Courtesy of Mary Cybulski
Ed Lachman

The cinematographer describes bringing both the 1920s and 1970s to the screen in the Todd Haynes-directed film.

New York-based cinematographer Edward Lachman, the 2017 recipient of the American Society of Cinematographers Lifetime Achievement Award who was twice Oscar-nominated for his collaborations with director Todd Haynes on Far From Heaven and Carol, reteamed with the helmer for Amazon's Wonderstruck, which was released last month.

Based on Brian Selznick's illustrated book, Wonderstruck follows the parallel stories of two deaf children, Ben and Rose, who are from two different eras, each secretly wishing their lives were different as they set out on quests.

Lachman recently visited The Hollywood Reporter at its Los Angeles office to discuss the film.

Both stories are set in New York and include many of the same locations. Can you describe the distinct looks that you gave each era?

The blueprint was Brian Selznick’s illustrated book, and then we used filmic language of the two time periods to mirror the worlds (and points of views) of our characters. The black-and-white world — Rose in 1927 — and Ben in 1977. Todd’s conceit was to reference the film language of the time. We explored the ‘70s through urban grit, through films like Mean Streets, Midnight Cowboy and The French Connection. … We looked to a film like The French Connection because New York was in economic stagnation and the country was in a recession, and the films shot on the streets of New York had an urban realism and grit. They were using long tracking shots with a Western dolly and a lot of handheld. We tried to mimic the language and the tools that they would have used in that period as close as we can.

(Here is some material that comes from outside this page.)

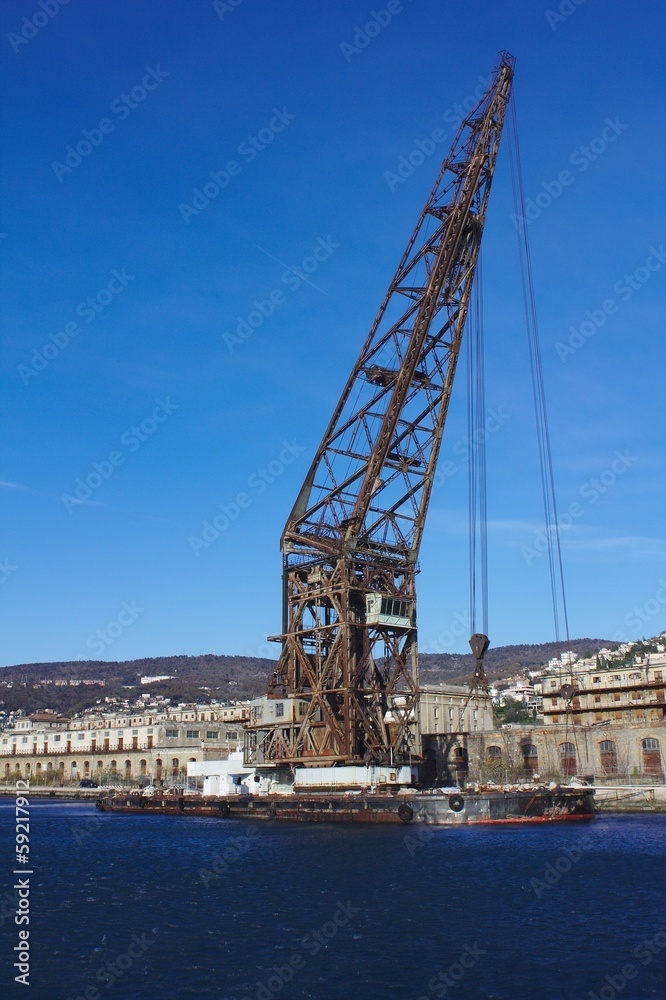 Old floating crane moored in the port of Trieste, Italy Old floating crane moored in the port of Trieste, Italy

For the ‘20s, there was an opulence, visually, in the storytelling, mirrored in films such as The Last Laugh, The Wind and The Crowd. For the ‘20s, I shot on black-and-white negative film — not color film and in the [color grading] make it black-and-white, or shoot digital and make it black-and-white. Kodak remade its Double-X black-and-white negative film for me. We did that because the grain structure and exposure latitude of the film is totally different than modern color stocks. At the time, New York didn't have a lab. Fotokem in Los Angeles agreed to develop the film and dedicated a processor for us.

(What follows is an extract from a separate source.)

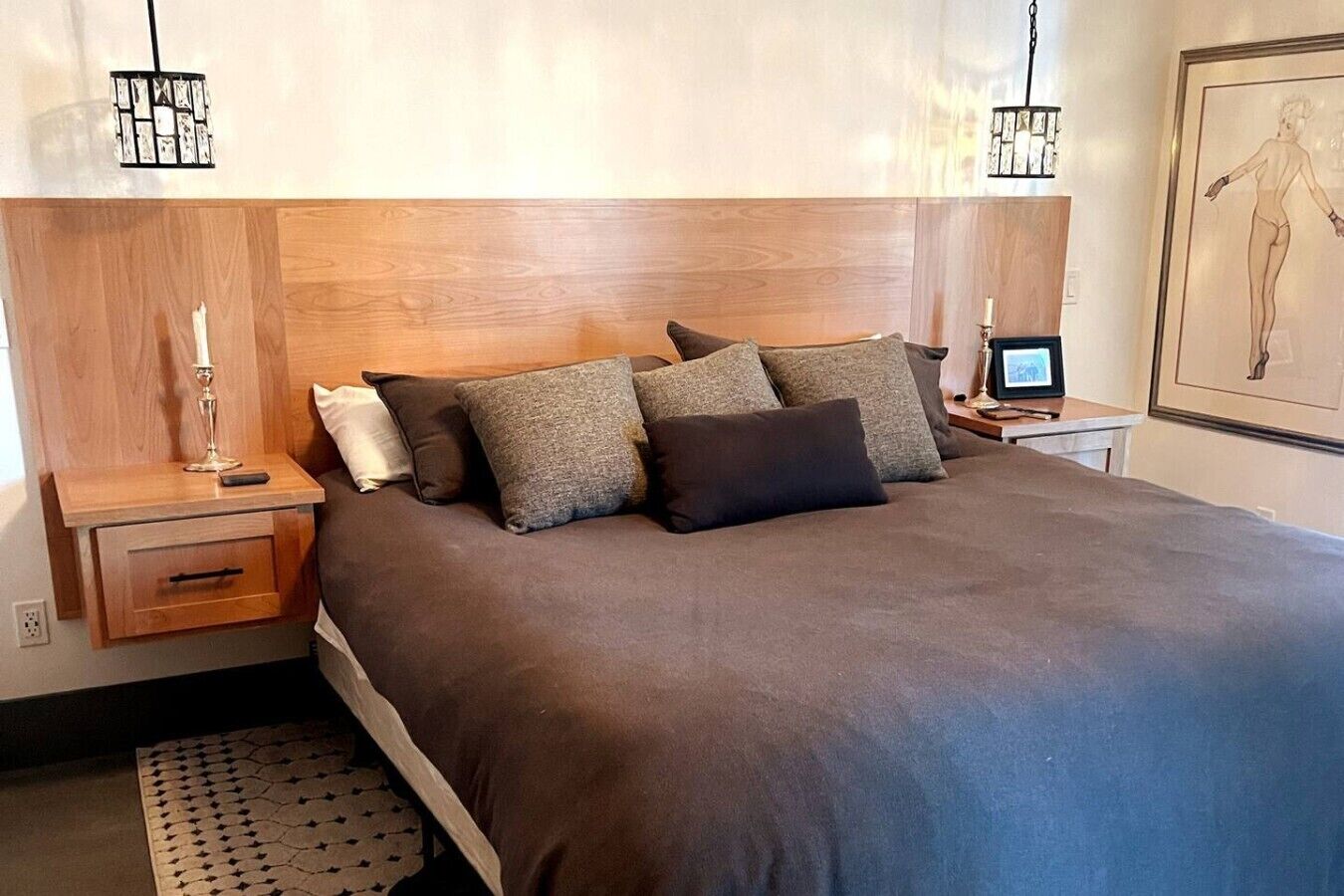 A bedroom with a large bed, a wooden headboard, bedside tables with lamps, and a framed artwork on the wall.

Keeping film available is important to you. Are you seeing progress?

This year Kodak opened a lab in New York to great success. Christopher Nolan, Todd, Steven Spielberg ... are still shooting on film. And a lot of young people now want the experience of shooting on film. I think there's a real renaissance to what film is. It’s another tool that we have that we shouldn’t give up. It's another paintbrush. Why should we be limited to one tool?

You shot Wonderstruck in New York. Tell us about working in some of these familiar locations.

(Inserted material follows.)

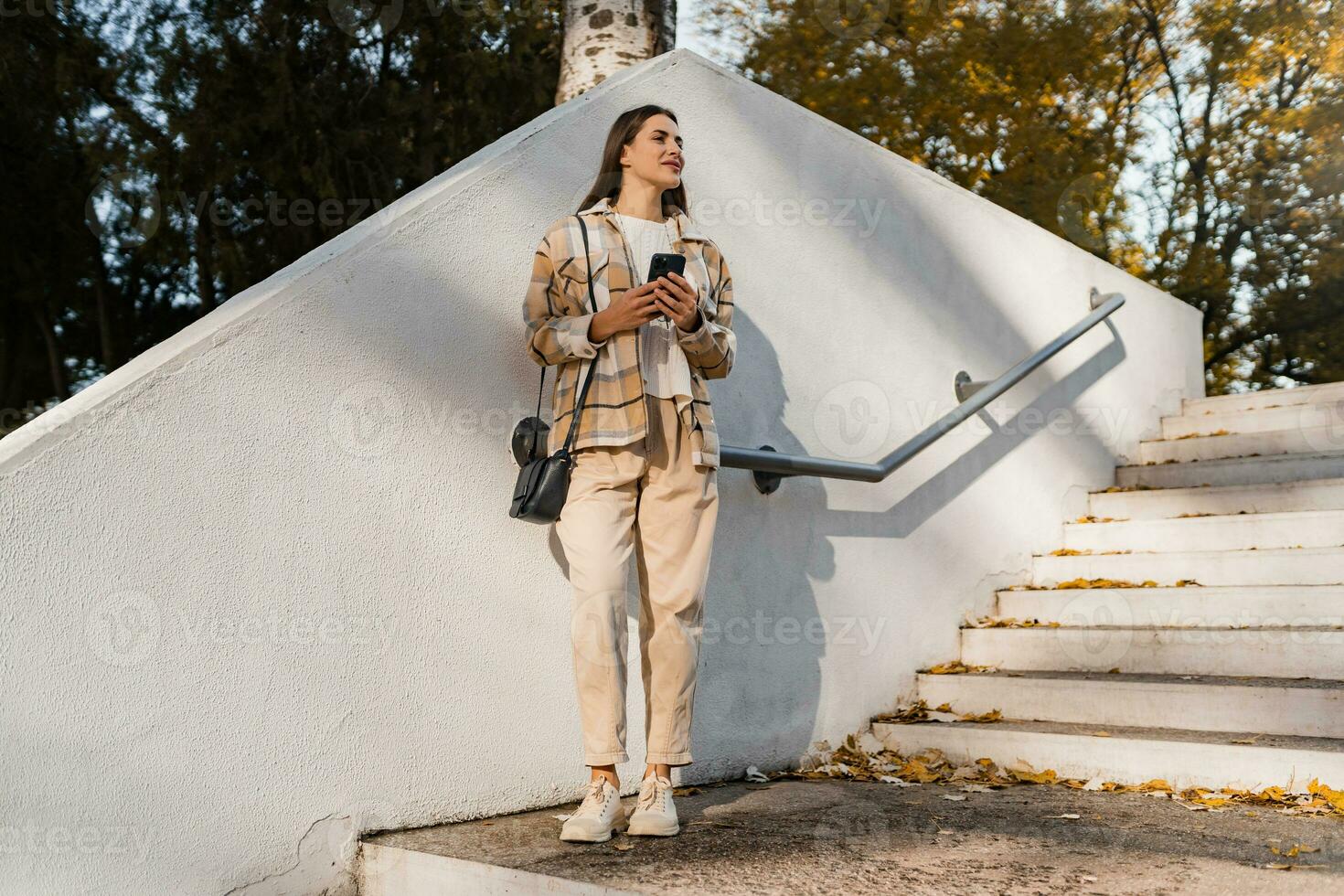 attractive young woman walking in autumn wearing jacket photo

The Museum of National History historically doesn’t allow any film crews to interrupt their daily attendance. But they were a great supporter of the book, so they agreed to let us shoot in the museum. But we had limitations. We went in at six in the evening and had to be out by six in the morning.

We also got permission to shoot in the Queens Museum of Art with the 3D map of New York City (the Panorama) built in 1964 (for the World’s Fair), which ironically my brother worked on. He was a model maker. To do those shots over the buildings and landscape, I was limited by the reach of a 15-foot Technocrane, so they allowed us to use a drone.